**Available data**:
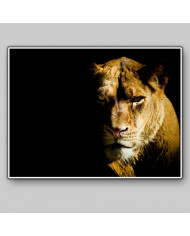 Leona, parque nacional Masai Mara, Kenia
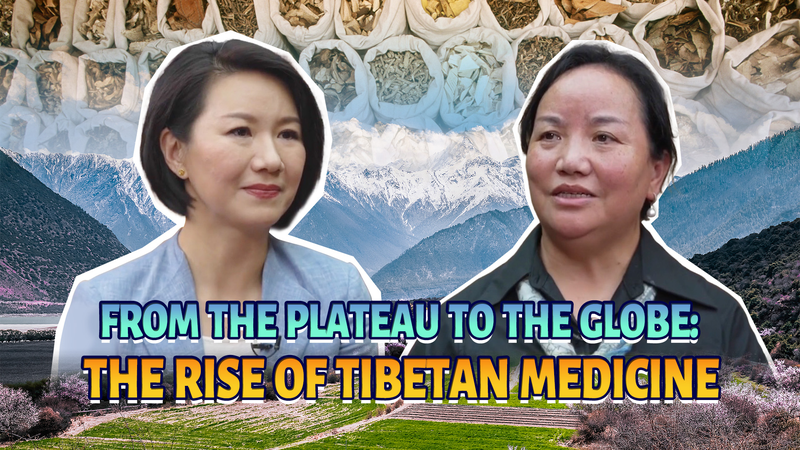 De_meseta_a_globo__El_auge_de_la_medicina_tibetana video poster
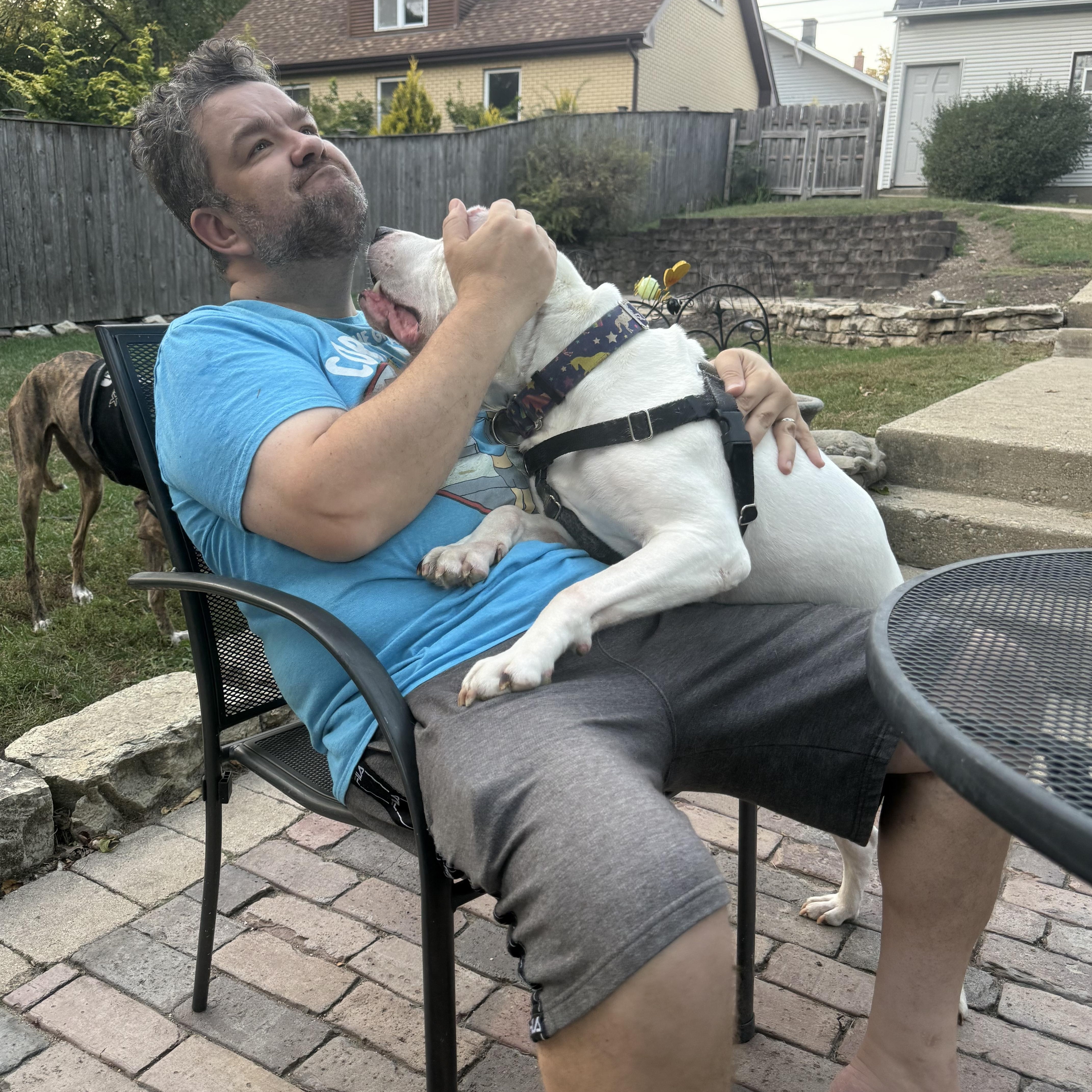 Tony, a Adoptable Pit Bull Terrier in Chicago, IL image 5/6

**What this task involves**: Write out the data once more exactly, omitting the pictures.

**Written reply**:
 Leona, parque nacional Masai Mara, Kenia
 De_meseta_a_globo__El_auge_de_la_medicina_tibetana video poster
 Tony, a Adoptable Pit Bull Terrier in Chicago, IL image 5/6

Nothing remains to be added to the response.